Before I start, though, I should make clear that I love voting. For as long as I could vote I’ve been a self-proclaimed “Political Junkie”. Voting is a big deal for me in my house and I have always looked forward to election time and exercising my “democratic right”. But not voting is as much a democratic right as voting. So it would be wrong to punish people for not casting a ballot in federal, provincial or municipal elections.
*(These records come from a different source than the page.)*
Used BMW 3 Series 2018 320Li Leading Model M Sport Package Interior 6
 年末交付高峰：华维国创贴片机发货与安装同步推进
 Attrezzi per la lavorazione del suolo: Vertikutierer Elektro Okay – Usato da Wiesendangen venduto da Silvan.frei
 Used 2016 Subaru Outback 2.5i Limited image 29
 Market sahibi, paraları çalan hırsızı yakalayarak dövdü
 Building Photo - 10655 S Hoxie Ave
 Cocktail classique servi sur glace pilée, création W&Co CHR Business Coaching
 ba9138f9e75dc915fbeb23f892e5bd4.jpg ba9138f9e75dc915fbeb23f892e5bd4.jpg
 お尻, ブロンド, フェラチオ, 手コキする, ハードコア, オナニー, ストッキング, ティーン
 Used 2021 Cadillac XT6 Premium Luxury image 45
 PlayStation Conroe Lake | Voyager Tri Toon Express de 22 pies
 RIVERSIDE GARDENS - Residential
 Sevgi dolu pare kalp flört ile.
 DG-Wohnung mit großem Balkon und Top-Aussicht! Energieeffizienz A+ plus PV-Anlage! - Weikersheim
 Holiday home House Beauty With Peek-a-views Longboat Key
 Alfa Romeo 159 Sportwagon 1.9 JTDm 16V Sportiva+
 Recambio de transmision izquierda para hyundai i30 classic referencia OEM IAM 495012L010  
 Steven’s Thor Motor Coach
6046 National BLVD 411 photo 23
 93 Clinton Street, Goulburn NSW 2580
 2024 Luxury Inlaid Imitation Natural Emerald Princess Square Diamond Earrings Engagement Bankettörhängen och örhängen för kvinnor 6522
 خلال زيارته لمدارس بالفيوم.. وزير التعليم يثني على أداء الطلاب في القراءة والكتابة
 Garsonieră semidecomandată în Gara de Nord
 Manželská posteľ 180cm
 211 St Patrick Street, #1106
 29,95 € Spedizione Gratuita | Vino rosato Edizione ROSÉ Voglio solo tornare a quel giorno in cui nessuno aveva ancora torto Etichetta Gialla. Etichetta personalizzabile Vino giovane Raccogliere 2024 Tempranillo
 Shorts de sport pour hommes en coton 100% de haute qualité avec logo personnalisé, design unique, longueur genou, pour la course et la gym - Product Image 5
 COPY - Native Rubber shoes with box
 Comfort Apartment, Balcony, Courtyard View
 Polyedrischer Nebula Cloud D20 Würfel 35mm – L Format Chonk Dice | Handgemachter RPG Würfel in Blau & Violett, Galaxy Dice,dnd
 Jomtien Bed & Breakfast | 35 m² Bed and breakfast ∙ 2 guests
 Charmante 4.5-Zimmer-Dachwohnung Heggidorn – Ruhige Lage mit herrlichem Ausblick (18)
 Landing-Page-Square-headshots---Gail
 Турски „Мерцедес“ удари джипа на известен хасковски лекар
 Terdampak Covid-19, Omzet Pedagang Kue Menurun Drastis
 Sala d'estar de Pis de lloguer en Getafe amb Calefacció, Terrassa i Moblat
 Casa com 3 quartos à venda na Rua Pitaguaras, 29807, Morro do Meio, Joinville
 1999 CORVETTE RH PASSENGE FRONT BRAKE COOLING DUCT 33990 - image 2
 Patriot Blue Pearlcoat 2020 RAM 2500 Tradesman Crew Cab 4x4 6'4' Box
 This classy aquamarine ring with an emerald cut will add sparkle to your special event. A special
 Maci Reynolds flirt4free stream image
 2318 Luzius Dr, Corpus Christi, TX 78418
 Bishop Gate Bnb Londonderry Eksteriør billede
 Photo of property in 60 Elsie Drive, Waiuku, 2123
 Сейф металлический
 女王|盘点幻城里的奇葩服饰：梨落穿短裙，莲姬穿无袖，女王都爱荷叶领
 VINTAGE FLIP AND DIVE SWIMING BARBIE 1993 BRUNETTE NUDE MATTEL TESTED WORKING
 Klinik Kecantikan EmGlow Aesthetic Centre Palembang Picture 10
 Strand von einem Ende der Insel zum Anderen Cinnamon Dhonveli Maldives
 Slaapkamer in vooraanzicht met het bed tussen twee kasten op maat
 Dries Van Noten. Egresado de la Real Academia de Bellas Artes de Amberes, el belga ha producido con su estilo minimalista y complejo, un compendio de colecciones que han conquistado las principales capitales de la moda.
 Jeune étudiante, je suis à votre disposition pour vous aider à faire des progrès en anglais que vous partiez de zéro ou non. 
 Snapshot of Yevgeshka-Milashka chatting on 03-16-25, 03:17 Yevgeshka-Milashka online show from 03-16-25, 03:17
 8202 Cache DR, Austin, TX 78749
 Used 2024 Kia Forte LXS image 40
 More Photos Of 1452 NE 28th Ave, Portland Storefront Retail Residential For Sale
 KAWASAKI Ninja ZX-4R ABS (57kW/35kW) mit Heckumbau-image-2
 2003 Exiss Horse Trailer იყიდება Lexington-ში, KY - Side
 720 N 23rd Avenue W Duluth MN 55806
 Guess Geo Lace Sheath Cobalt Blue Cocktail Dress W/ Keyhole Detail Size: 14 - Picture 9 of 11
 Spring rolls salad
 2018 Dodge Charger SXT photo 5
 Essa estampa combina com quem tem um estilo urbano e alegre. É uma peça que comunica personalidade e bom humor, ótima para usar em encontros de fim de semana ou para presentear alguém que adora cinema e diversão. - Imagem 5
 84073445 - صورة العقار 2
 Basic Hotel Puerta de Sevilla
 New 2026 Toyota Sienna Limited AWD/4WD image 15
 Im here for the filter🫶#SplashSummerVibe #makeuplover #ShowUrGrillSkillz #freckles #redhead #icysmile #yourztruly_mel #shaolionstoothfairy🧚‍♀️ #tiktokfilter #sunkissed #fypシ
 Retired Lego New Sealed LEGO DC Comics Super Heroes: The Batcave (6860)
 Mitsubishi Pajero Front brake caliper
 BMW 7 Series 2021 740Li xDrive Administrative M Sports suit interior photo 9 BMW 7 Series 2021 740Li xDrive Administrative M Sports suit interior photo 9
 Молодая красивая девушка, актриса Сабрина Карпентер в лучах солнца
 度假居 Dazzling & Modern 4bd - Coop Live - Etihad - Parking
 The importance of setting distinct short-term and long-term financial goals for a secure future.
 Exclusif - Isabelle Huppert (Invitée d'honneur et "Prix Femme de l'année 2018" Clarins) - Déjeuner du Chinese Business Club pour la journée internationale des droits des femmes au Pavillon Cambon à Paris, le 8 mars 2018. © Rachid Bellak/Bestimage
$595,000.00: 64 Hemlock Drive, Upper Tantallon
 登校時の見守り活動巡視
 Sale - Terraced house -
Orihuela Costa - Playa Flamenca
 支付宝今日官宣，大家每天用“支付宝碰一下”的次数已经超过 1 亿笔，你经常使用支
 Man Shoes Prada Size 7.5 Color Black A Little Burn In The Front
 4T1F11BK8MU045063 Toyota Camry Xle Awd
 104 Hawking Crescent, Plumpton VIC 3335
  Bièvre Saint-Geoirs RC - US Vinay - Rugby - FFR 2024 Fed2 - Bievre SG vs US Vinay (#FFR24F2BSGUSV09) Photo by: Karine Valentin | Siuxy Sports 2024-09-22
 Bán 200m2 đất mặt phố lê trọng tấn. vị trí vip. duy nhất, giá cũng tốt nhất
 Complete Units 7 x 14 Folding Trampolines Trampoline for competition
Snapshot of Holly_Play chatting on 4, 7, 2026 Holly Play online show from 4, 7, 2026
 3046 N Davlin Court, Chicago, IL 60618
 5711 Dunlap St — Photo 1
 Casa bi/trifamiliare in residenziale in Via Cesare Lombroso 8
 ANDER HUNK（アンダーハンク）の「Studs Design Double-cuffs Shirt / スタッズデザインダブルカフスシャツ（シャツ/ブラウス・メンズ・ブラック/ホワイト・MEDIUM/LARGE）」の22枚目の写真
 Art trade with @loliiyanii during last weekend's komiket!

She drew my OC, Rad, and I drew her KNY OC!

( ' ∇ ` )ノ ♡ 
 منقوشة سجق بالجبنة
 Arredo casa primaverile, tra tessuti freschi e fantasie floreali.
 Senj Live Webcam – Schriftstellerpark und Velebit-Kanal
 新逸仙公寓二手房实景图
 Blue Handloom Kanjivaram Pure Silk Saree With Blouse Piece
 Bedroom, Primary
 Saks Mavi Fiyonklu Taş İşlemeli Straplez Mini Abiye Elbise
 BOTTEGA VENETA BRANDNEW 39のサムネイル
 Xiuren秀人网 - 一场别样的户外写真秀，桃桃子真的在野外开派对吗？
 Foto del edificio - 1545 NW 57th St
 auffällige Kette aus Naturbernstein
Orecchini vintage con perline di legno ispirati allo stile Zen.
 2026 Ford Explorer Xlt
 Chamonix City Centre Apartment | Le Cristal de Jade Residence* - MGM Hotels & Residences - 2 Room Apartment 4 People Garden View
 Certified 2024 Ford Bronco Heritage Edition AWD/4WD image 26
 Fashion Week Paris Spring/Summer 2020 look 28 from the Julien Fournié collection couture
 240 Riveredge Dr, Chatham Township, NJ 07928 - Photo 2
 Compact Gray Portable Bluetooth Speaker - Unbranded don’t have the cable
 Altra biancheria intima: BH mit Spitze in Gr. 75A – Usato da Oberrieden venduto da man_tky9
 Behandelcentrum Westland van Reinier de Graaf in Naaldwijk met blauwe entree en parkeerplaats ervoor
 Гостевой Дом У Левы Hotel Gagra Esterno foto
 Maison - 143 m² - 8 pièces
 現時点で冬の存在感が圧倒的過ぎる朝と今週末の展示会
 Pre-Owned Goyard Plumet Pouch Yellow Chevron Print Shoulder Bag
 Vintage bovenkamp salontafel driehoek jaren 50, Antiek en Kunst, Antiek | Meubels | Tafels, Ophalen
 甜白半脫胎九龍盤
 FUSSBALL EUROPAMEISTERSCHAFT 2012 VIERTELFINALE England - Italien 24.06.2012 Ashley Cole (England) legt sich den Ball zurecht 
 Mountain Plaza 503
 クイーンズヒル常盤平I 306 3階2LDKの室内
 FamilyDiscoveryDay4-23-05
Many people who choose not to vote may be attempting to show their discontent with politicians and politics in general, but most are simply apathetic. But what drives their apathy? Is it their fault they don't care enough to go to a polling station or is there something about our politicians and politics that has caused them to tune out? As voter turnout in recent elections slips to 50% more and more of the hand-wringing, eat-your-peas, poke-noses who dominate our public debates have called for a mandatory voting law, along the lines of the one in Australia, where non-voters are fined and turnout is often over 90%. But why do we automatically assume the problem is with those who chose not to vote, rather than with those who have failed to inspire them to vote?
There’s something that kind of bugs me about the way people criticize those who don’t vote. It feels very sanctimonious, similar to the way some people lecture you to eat healthy, exercise or breastfeed. Democracy is great and voting is a key component of any free society. But people also have a right not to vote and, indeed, I think not voting is a perfectly defensible choice. Here are three reasons why.
1. Voting is irrational. People keep saying that “every vote counts” but the honest truth is that your single vote will almost certainly not make a difference. Even the closest of races are not decided by a single vote. For every voter out there, the outcome in their riding would be identical whether they bothered to vote or not. Voting is something that requires a non-trivial investment of time and effort for which you get no obvious pay off. Of course, if a thousand or a million people thought that way, their decision not to vote would make a difference. But that doesn’t make any one vote more significant, or the decision of any one voter not to bother voting any less rational. The real question is not why so many people don’t vote but why so many people do. The best argument I’ve heard is that we vote not to change the outcome of an election but because it makes us feel good or signals to others that we are smart, engaged citizens. This is why some efforts to make voting easier with mail-in or online voting have actually decreased voter turnout: when no one can see us voting, it’s not so attractive.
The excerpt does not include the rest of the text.